Ferrari’s demand as private chat with Las Vegas GP stakeholders looms

Michelle Foster
Spanish driver Carlos Sainz walks away from his stricken Ferrari SF-23.

Carlos Sainz was fortunate not to be seriously hurt when he hit a manhole cover.

Fred Vasseur will have a private chat with the Las Vegas Grand Prix stakeholders as Ferrari want compensation after a track defect wrecked Carlos Sainz’s SF-23.

In a time of budget caps, the Scuderia were left facing a hefty repair bill when Sainz hit a loose water valve cover, the metal part destroying the floor of his car as well as the chassis and even breaking the seat.

It also damaged engine components with the driver needing a new power unit, control electronics, and energy store, which meant a 10-place grid penalty for the Spaniard.

Fred Vasseur: There will be a discussion

Vasseur wants the Las Vegas stakeholders to foot the repair bill.

“There is no provision in the budget or cost cap, for excluding the crashes,” the Frenchman told the media.

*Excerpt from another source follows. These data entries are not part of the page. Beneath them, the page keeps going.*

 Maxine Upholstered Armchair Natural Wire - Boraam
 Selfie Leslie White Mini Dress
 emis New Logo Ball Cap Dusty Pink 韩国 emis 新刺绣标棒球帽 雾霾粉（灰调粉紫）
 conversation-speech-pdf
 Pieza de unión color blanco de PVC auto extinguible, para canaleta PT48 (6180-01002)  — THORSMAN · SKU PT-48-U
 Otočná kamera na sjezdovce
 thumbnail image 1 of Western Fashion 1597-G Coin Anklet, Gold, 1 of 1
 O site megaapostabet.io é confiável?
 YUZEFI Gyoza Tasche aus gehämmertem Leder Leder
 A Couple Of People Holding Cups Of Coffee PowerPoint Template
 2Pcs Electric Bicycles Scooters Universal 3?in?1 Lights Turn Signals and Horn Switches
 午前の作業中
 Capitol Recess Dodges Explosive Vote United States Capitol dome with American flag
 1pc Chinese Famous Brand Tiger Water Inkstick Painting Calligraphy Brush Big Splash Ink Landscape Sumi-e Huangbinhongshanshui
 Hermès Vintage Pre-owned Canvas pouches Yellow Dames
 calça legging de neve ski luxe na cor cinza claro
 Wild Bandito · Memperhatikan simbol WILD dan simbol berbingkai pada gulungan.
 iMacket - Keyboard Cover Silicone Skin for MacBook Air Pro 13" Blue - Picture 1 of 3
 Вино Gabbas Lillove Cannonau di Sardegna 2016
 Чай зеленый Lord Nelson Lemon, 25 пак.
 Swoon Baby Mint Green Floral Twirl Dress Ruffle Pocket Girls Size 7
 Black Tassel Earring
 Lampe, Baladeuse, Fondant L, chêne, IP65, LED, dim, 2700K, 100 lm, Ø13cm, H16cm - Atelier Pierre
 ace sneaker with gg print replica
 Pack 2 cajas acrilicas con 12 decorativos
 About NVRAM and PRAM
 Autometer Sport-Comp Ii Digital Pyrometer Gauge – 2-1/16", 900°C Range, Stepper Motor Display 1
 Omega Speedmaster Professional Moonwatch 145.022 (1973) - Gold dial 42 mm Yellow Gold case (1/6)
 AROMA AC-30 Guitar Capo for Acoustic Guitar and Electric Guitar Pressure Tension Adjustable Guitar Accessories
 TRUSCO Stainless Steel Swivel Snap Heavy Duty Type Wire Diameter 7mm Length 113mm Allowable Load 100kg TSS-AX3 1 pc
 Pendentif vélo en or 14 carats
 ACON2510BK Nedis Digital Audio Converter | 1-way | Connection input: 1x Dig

“For sure you have a lot of extra costs. The loom was damaged, the gearbox was damaged, the battery was damaged, the engine is dead.

“We have a lot of consequences on the financial side, on the sporting side, and even on the stock of spare parts, and on the budget side for sure it’s not an easy one.”

“There will be a discussion,” he added.

But, he concedes: “The decision, it’s another thing.”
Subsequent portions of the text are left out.